2.3.2.3 Family functioning
Strokes not only threaten a patients' physical and psychological status, but also the health pattern of the entire family. Furthermore, a disordered family system can negatively influence the patient's ability to cope with the disease and affect their rehabilitation (Clark et al., 2004; Guo & Liu, 2015). Family function is an important factor of health behaviors, such that good family function can promote the formation of healthy behaviors (Jiang & Xu, 2014). Family function is the ability of a family to meet the various needs of its members, which is reflected in mutual love and
support, emotional communication, and the ability to share life events and stress (Bemister et al., 2015).
2.3.2.4 Social effects
The burden of having to provide care to the patients, together with the duty and responsibility the caregivers already have, can lead to stress. Thus, caregiver may lose motivation to perform their tasks, to participate in social functions, and to maintain a relationship with family members (Bhattacharjee et al., 2012). Some caregivers may feel lonely, and others may isolate themselves from society (Cao et al., 2010; Grant et al., 2006) as they feel that they are unable to play their roles as they are expected by the society.
In brief, it can be said that becoming caregivers of stroke patients is a responsibility which requires constant care and which can easily cause chronic stress.
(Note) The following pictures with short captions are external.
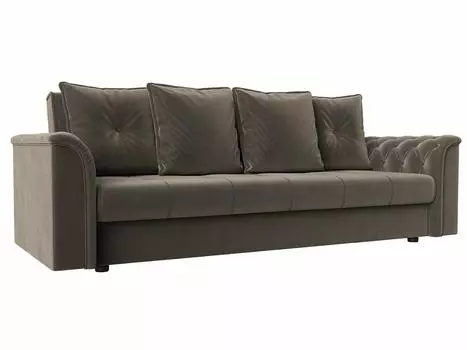 Диван книжка Сиеста Велюр Коричневый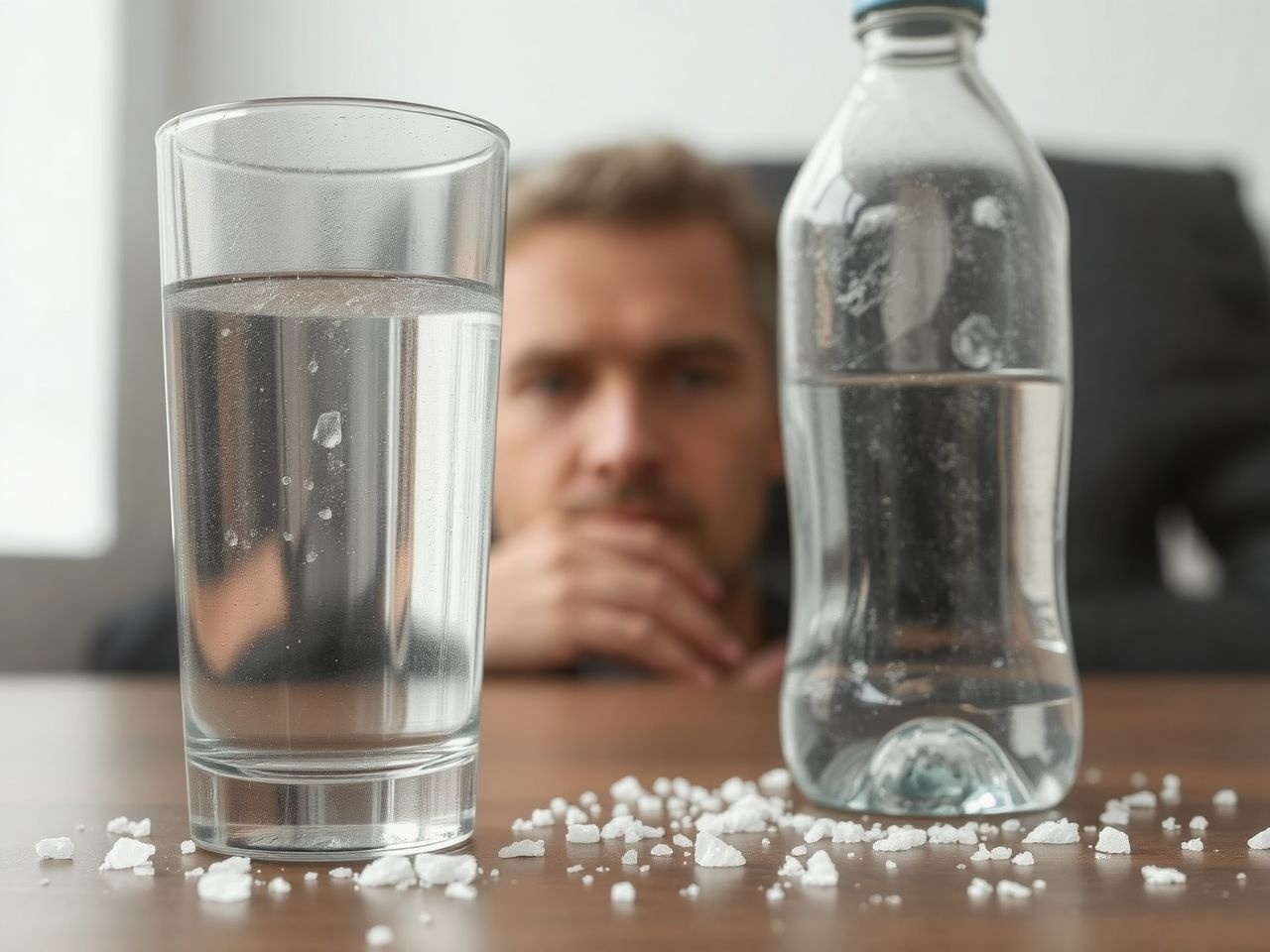 A dehidratáció súlyosbíthatja az alkohol miatti elektrolit-egyensúly zavart.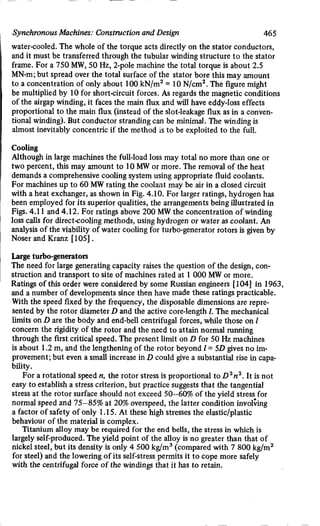 M. G. Say alternating current machines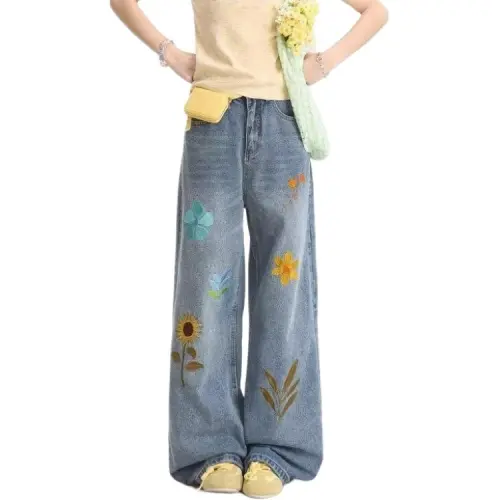 Concubine Zhu Jeans Women's Blue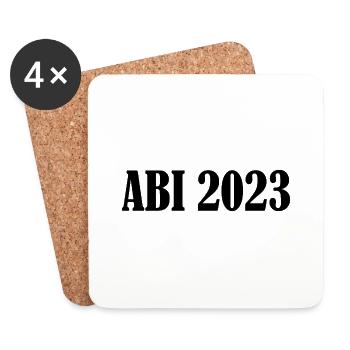 Abi 2023 - Untersetzer (4er-Set) - Weiß - Vorne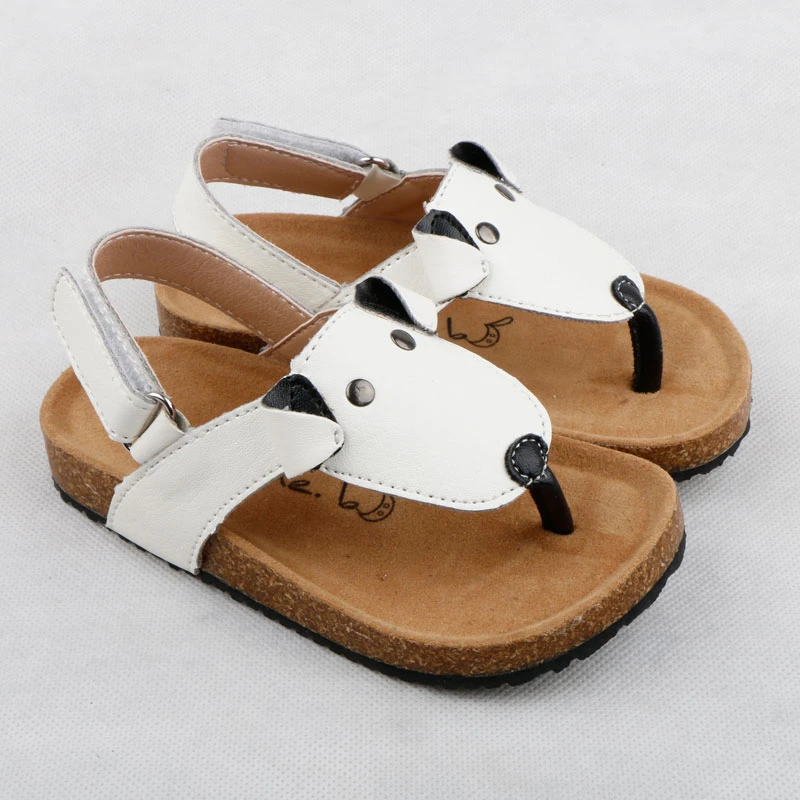 childrens white flip flops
Caregivers may assess the caregiving situation as a threat to their well-being, and they may believe that giving care to the patients makes them lose their professional life and their potential to live their life. These affect the overall health status of caregivers. For instance, a study conducted by Hassan et al. (2011) has found that most of the caregivers develop health problems after giving care to the stroke patients. Likewise, Pesantes and colleagues (2017) discovered that all participants reported having experienced emotional stress and depressive symptoms as a result of caregiving.
Although most had family support, reduced social activities and added unanticipated financial burdens increased caregiver's stress.